A framework can use a filter to control when it wants to be contacted again with an inverse offer. This is useful since future circumstances may change the viability of the maintenance schedule. The filter for inverse offers is identical to the existing mechanism for re-offering offers to frameworks.

Note: Accepting or declining an inverse offer does not result in immediate changes in the maintenance schedule, or in the way Mesos acts. Inverse offers only represent some extra information that frameworks may find useful. In the same manner, a rejection or acceptance of an offer is a hint for an operator. The operator may or may not chose to take that hint into account.

Starting maintenance

The operator starts maintenance by posting a list of machines to the master's maintenance endpoint.

See the definition of a MachineID.

For example, to start maintenance on two machines:

[
  { "hostname" : "machine1", "ip" : "10.0.0.1" },
  { "hostname" : "machine2", "ip" : "10.0.0.2" }
]
curl http://localhost:5050/master/machine/down
  -H "Content-type: application/json"
  -X POST
  -d @machines.json

The master checks that a list of machines has the following properties:

  • The list of machines must not be empty.
  • Each machine must only appear once.
  • Each machine must have at least a hostname or IP included. The hostname is not case-sensitive.
  • If a machine's IP is included, it must be correctly formed.
  • All listed machines must be present in the schedule.
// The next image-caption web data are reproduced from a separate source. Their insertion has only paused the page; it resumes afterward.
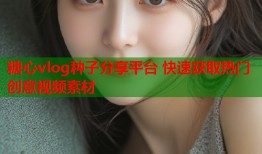 糖心vlog种子分享平台 快速获取热门创意视频素材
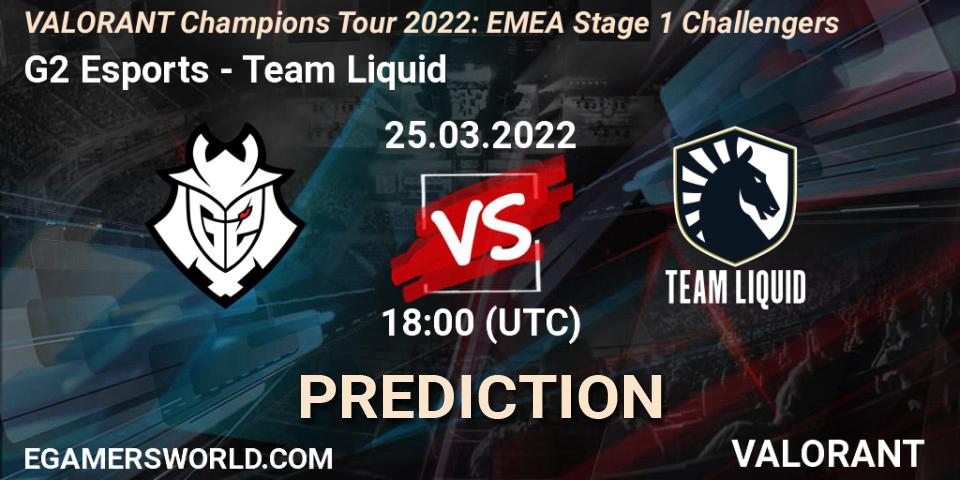 G2 Esports contre Team Liquid : prédiction de match. 25.03.2022 at 17:00. VALORANT, VCT 2022: EMEA Stage 1 Challengers
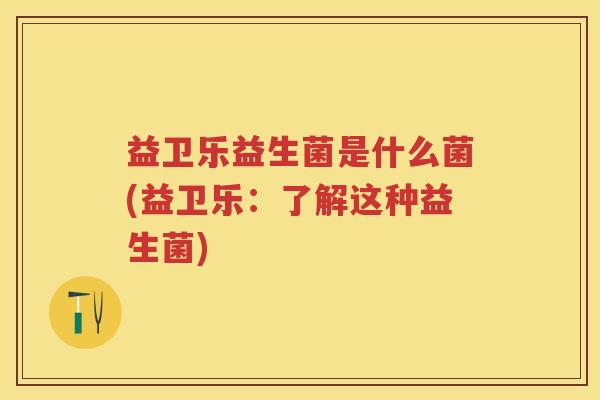 益卫乐益生菌是什么菌(益卫乐:了解这种益生菌) 益卫乐益生菌是什么菌(益卫乐:了解这种益生菌)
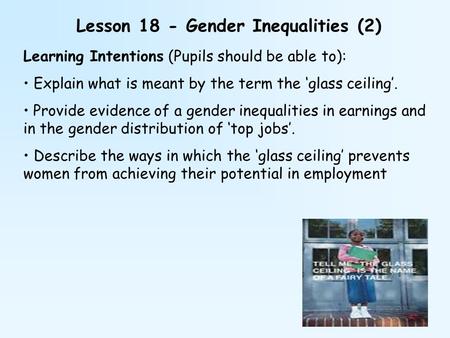 Lesson 18 - Gender Inequalities (2) Learning Intentions (Pupils should be able to): Explain what is meant by the term the ‘glass ceiling’. Provide evidence.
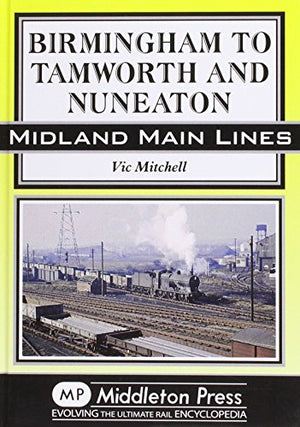 Birmingham to Tamworth and Nuneaton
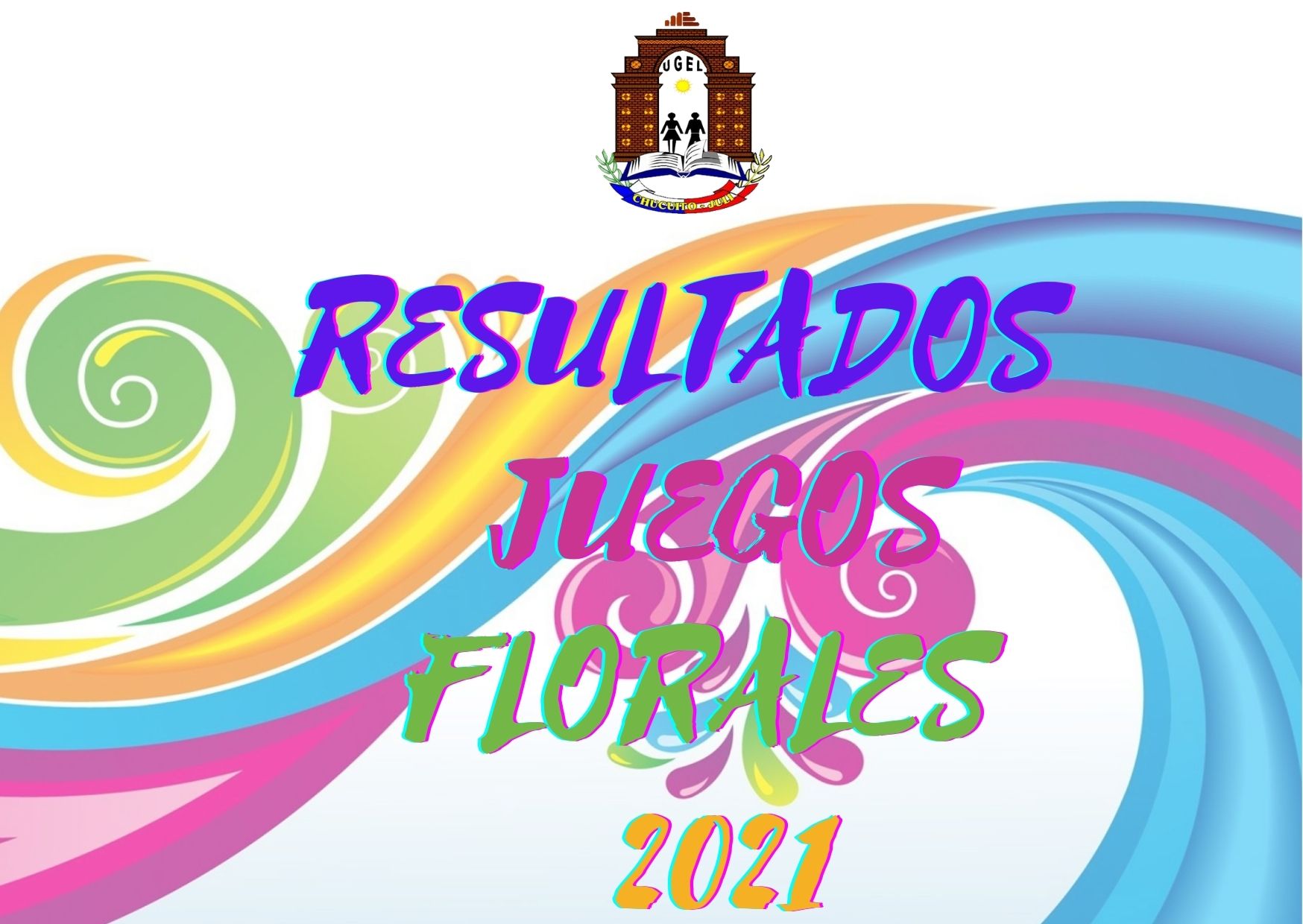 RESULTADOS: “ JUEGOS FLORALES ESCOLARES NACIONALES 2021” ETAPA REGIONAL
If any of these properties are not met, the list of machines is rejected with a corresponding error message and the master's state does not change.

The operator can start maintenance on any machine that is scheduled for maintenance. Machines that are not scheduled for maintenance cannot be directly transitioned from Up mode into Down mode. However, the operator may schedule a machine for maintenance with a timestamp of the current time or in the past; and then immediately start maintenance on that machine.

It is up to the operator to transition a machine from Draining to Deactivated mode. Mesos will keep a machine in Draining mode even if the unavailability window arrives or passes. This means that the operation of the machine is not disrupted in any way and offers (with unavailability information) are still sent for this machine.

When maintenance is triggered by the operator, all agents on the machine are told to shutdown. These agents are subsequently removed from the master which causes tasks to be updated as TASK_LOST. Any agents from machines in maintenance are also prevented from registering with the master.

Completing maintenance

When maintenance is complete, or if maintenance needs to be cancelled, the operator can stop maintenance. The process is very similar to starting maintenance (same validation criterion as the previous section). The operator posts a list of machines to the master's endpoints:

[
  { "hostname" : "machine1", "ip" : "10.0.0.1" },
  { "hostname" : "machine2", "ip" : "10.0.0.2" }
]
curl http://localhost:5050/master/machine/up
  -H "Content-type: application/json"
  -X POST
  -d @machines.json

Note: The duration of the maintenance, as indicated by the "unavailability" field, is a best-effort guess made by the operator. Stopping maintenance before the end of the unavailability interval is allowed, as is stopping maintenance after the end of the unavailability interval. The machines are never automatically transitioned out of maintenance.

Frameworks are informed about the completion or cancellation of maintenance when offers from that machine start being sent. There is no explicit mechanism for notifying frameworks when maintenance is stopped. After maintenance is stopped, new offers are no longer tagged with unavailability and inverse offers are no longer sent. Also, new agents can start to register from the machine.